The Government's just-announced minimum wage increase could "bring the economy to a grinding halt", warns the Employers and Manufacturers Association.

Prime Minister-in-waiting Jacinda Ardern today committed to a minimum wage of $20 by 2021, which she said would start with a bump from $15.75 to $16.50 by April 2018, rising in steps after that.

"We are a low wage economy... New Zealanders deserve a wage they can live on," she said.

"It is no longer acceptable to try and expect families to survive on the minimum wage as it currently is."


Employers and Manufacturers Association (EMA) chief executive Kim Campbell said the initial increase was not much more than what a National-led Government would have implemented.

However, he saw the $20-an-hour target as too high and it meant New Zealand would have among the highest minimum wages in the world.

"The first step was well signalled... and it's not very responsible signalling it so well in advance because it sets up inflationary expectations," he said.

"You can already see a reflection of that in our exchange rate, which has gone down because overseas they can sees that New Zealand's costs are going up.

"Exporters are going to do a bit better but you'd have to do the sums to see how they land but it will all turn into an inflationary spiral which is a really good way to bring the economy to a grinding halt."

Campbell said businesses would be worried by what the cost increases would mean for them.

His comments are starkly contrasted by those of First Union, whose general secretary Robert Reid said in a statement the incoming Government acknowledged the huge economic pressure working people - especially low paid workers - had been facing for the last decade.

"Today marks a sea change. We now have a Government showing respect for working people."

The union was especially pleased to see the minimum wage will move to $20 per hour by 2021.


"Business leaders often say the main thing they need is certainty.
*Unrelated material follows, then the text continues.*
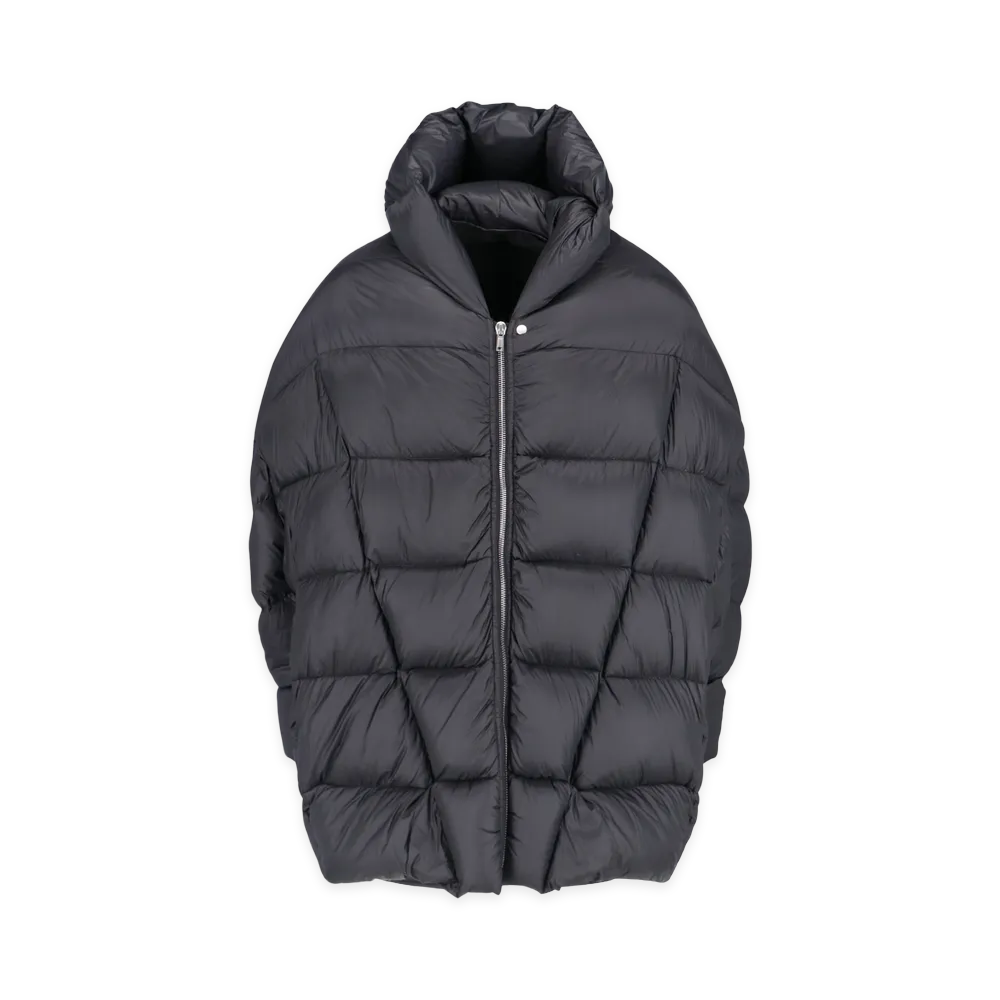 Rick Owens Jackets "Black"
This announcement gives them that certainty and now they need to start factoring in significant wage increases for all their workers over the next three years."

Reid added that the era of 2 per cent a year wage offers was over and employers would need to be looking at annual increases of about 8 per cent to stay at or ahead of minimum wage rises.

"Our reading of the coalition agreement on employment relations is that Labour's election policy remains either intact or is enhanced by NZ First and Greens policy."

Auckland Chamber of Commerce chief executive Michael Barnett said that the minimum wage rise was well signalled so should not be a surprise.

"What may be harder to manage will be the achievement of $20 by 2020 and the consequences. Will it put pressure on some SME's? Probably. But there is time to innovate and have technology play a better role or to have the market accept higher pricing on some products and services."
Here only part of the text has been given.